When implicit relational maps come to clash

When I published my half-serious issue about the implicit relational map for Piedmontese native speakers I did not really plan to open a Pandora's box. I was simply amused by the number of usual misunderstandings that happen when concepts get broadcast through a network of speakers belonging into different native languages.

Yet, as a matter of fact, this lead a number of people to think of what a language really is. One possible definition of language is: a set of definitions that assign labels bearing a local validity to a universally valid content. This is true, to a certain extent, and it is exactly what makes translations possible. By defining a conversion table (a dictionary) we can easily use any other set of labels to express the same concept. Can we? Can we really say that translations are possible?

When we say that cultural imprinting is defining a conception of the world whose fractal presence sits at word level (and even more atomically, since basic phonemes are often roots with an associated archaic meaning) we imply that no real translation is possible. We may say the same thing but it will never have the same implied meaning.

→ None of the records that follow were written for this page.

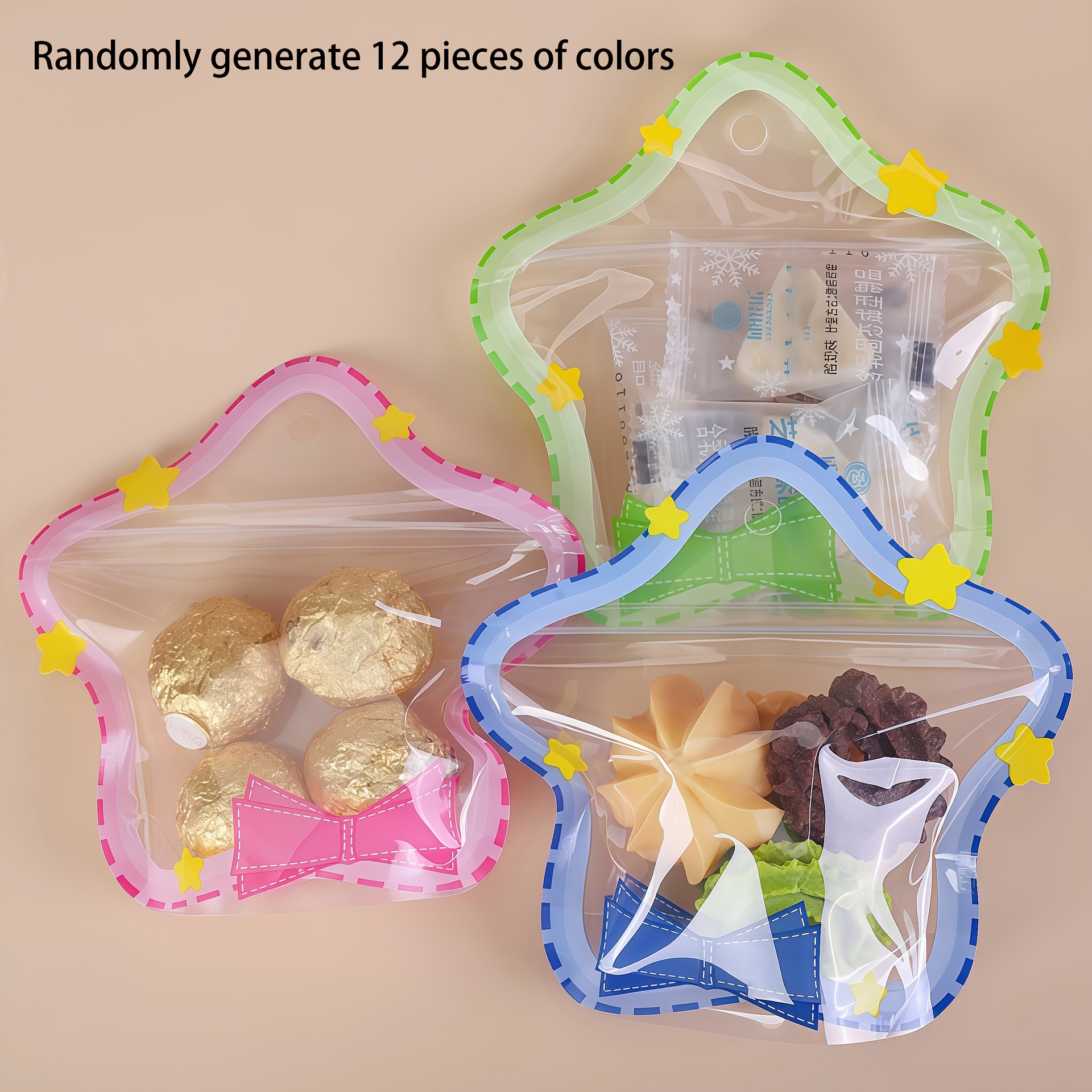 TEMU 12 Random Colors Included With Free Party Decoration Bags: Colorful Plastic Gift Bags With Handles, Suitable For Occasions Such As Birthdays,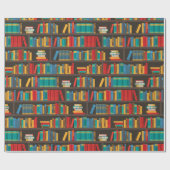 Papier Cadeau Bibliothèque de lecture d'amour (Plat)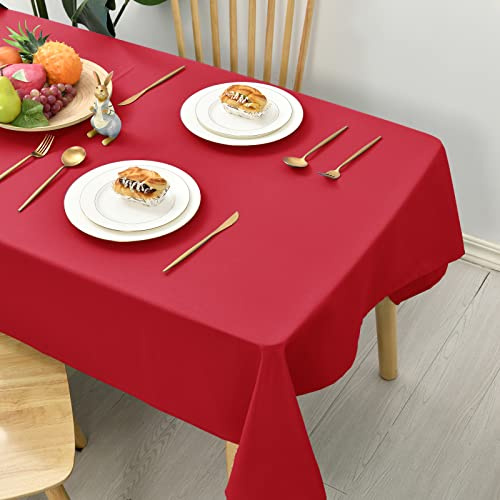 Hiasan Tischdecke Outdoor Wetterfest Abwaschbar, 2 Stück Rot 140x280cm | Tischdecken aus Polyester, Tischtuch wasserabweisend mit Lotuseffekt, Kratzfest für Esszimmer Restaurant Party Balkon Garten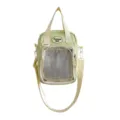 Bolso ita de lona estilo japonés con bolsillo de malla frontal, bolso cruzado pequeño para mujeres. - Con Ornamento / Verde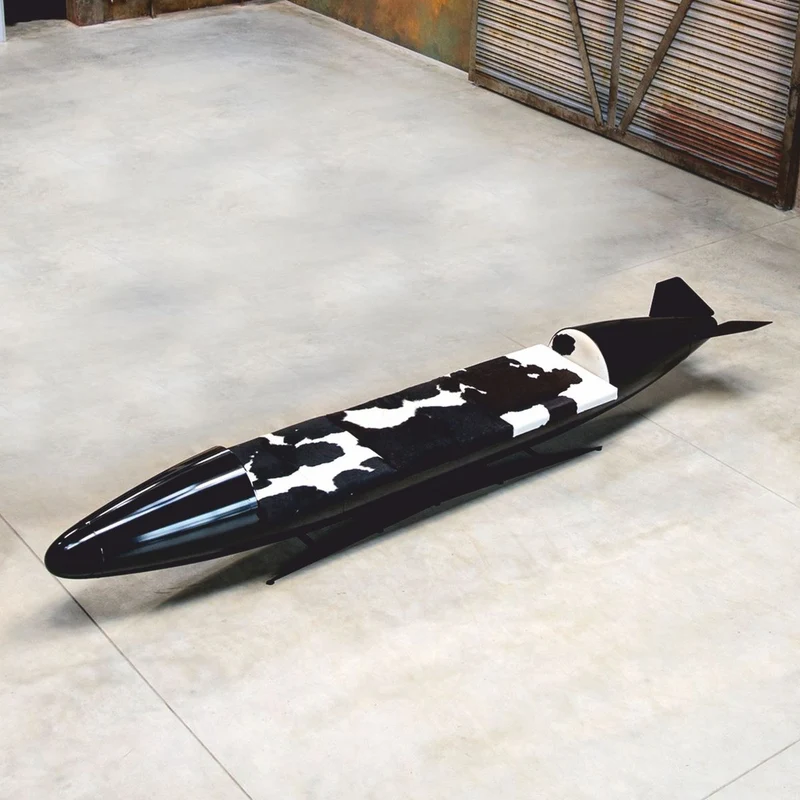 Casa Padrino Luxus Sitzbank in Torpedo Form 560 cm - Original Zusatztank Tornado Fighter deutsche Luftwaffe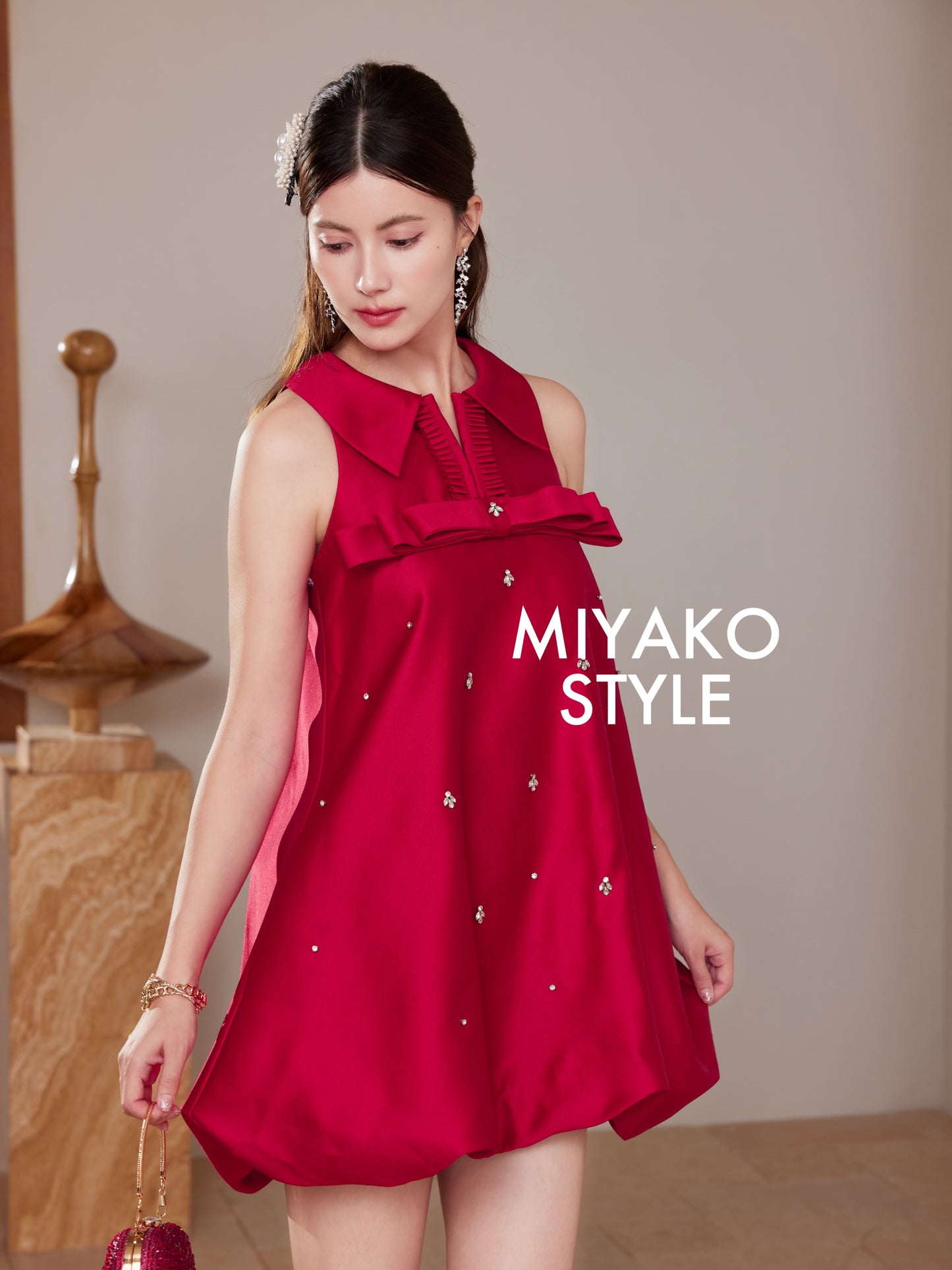 【喜气洋洋】Lucky Premium Detachable Sleeve Bubble Dress 女装连身裙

We can translate Horse into Лошадь, Caval or Pard, but we cannot bring along the implications of Horse when using labels developed by a culture whose horses looked differently and has a totally different social value for people. Mongolians used to spend their lives on the back of their horses, Englishmen never had such a massive nomadic behaviour. The affective network that relates Mongolians and Englishmen to their respective Horses must have developed a quite different set of implied meanings and relations, accordingly.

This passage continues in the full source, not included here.